2.3.  Subject Naming in PKIX Certificates



   In theory, the Internet Public Key Infrastructure using X.509 [PKIX]
   employs the global directory service model defined in [X.500] and
   [X.501].  Under that model, information is held in a directory
   information base (DIB) and entries in the DIB are organized in a
   hierarchy called the directory information tree (DIT).  An object or
   alias entry in that hierarchy consists of a set of attributes (each
   of which has a defined type and one or more values) and is uniquely
   identified by a Distinguished Name (DN).  The DN of an entry is
   constructed by combining the Relative Distinguished Names of its
   superior entries in the tree (all the way down to the root of the
   DIT) with one or more specially nominated attributes of the entry
   itself (which together comprise the Relative Distinguished Name (RDN)

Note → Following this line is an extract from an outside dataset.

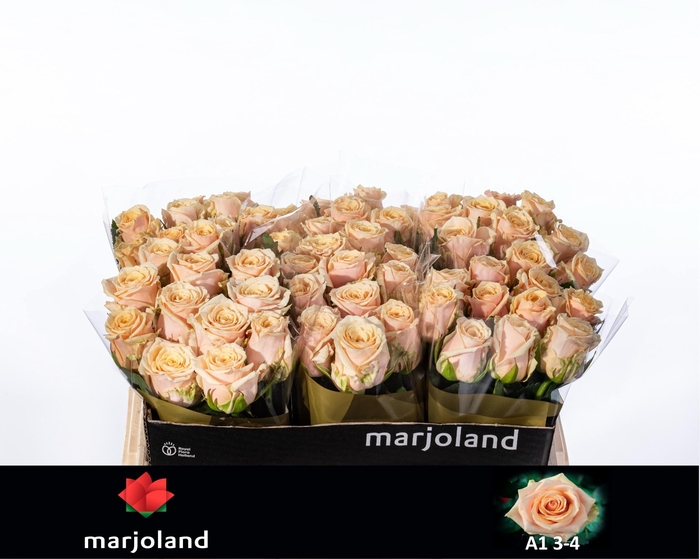 <h4>R GR BELLINI!</h4>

   of the entry, so-called because it is relative to the Distinguished
   Names of the superior entries in the tree).  The entry closest to the
   root is sometimes referred to as the "most significant" entry, and
   the entry farthest from the root is sometimes referred to as the
   "least significant" entry.  An RDN is a set (i.e., an unordered
   group) of attribute-type-and-value pairs (see also [LDAP-DN]), each
   of which asserts some attribute about the entry.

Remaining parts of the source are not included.